Harapan itu yang diangankan Bani. Dia menyambung perkataan Warnita‎. Dirinya dan juga ratusan warga Muara Angke yang hidupnya bergantung dari laut ini berharap diperhatikan nasibnya oleh pemerintah. Mereka ingin punya wadah yang bisa menaungi para nelayan di sini.

Wadah dimaksud, misalnya dibuatkan semacam komunitas, perkumpulan, perhimpunan atau sejenisnya bagi para nelayan. ‎Sehingga, dari situ mereka bisa mendapatkan perhatian dari pemerintah untuk pembinaan yang berkesinambungan. Sama seperti nama kapal pembawa sesaji, Muara Bina Lestari.

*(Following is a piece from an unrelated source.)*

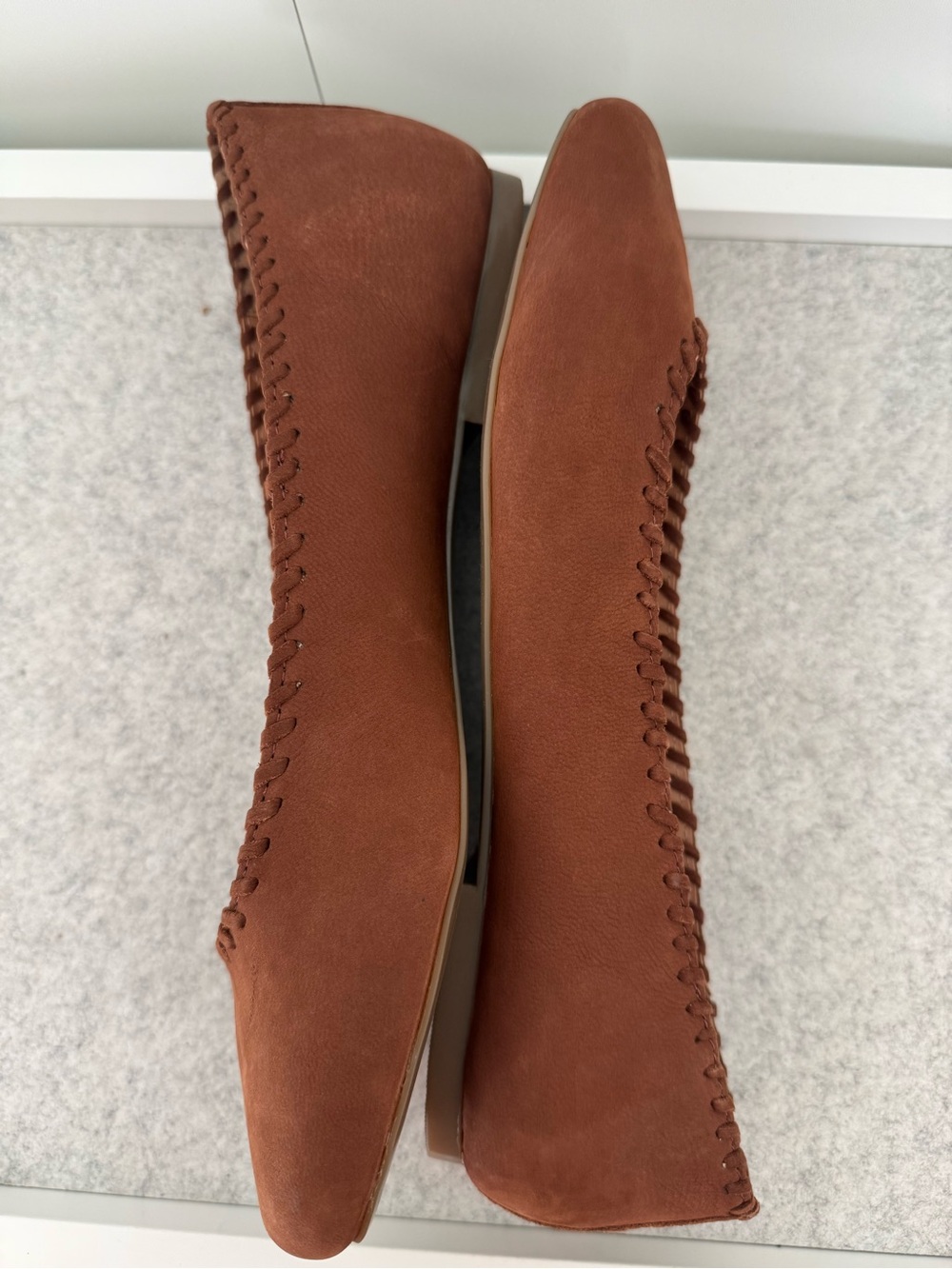 Joie Suede Ballet Flats 9.5 Brown Square Toe Whipstitch Boho - Picture 3 of 12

"Kapal sesaji itu namanya Muara Bina Lestari. Artinya kami, nelayan di Kali Adem ingin ada pembinaan dan berkesinambungan‎ dari pemerintah. Dibuatkan wadah yang bisa mewadahi para nelayan. Karena kami di sini belum ada wadah," ucap Bani.

‎Menurut Bani, selama ini ada LSM atau organisasi masyarakat yang konsen terhadap nelayan. Namun, Bani merasa mereka belum sepenuhnya bisa mewujudkan keinginan para nelayan. Terutama soal peningkatan kesejahteraan para nelayan.

Bani sepenuhnya sadar, hal itu sulit terwujud. Tapi setidaknya, dengan adanya kegiatan pesta laut ini, bisa terbentuk wadah tersebut. Sebab, biar bagaimana pun, para nelayan ini punya kontribusi besar bagi masyarakat Jakarta khususnya. Istilah kata, tidak ada nelayan, mungkin masyarakat tidak bisa menikmati olahan hasil laut‎.

‎"Mudah-mudahan dari ajang pesta laut ini, nanti bisa terbentuk suatu organisasi yang bisa mewadahi para nelayan di sini, yang nantinya bisa menyejahterahkan para nelayan ini," ujar Bani.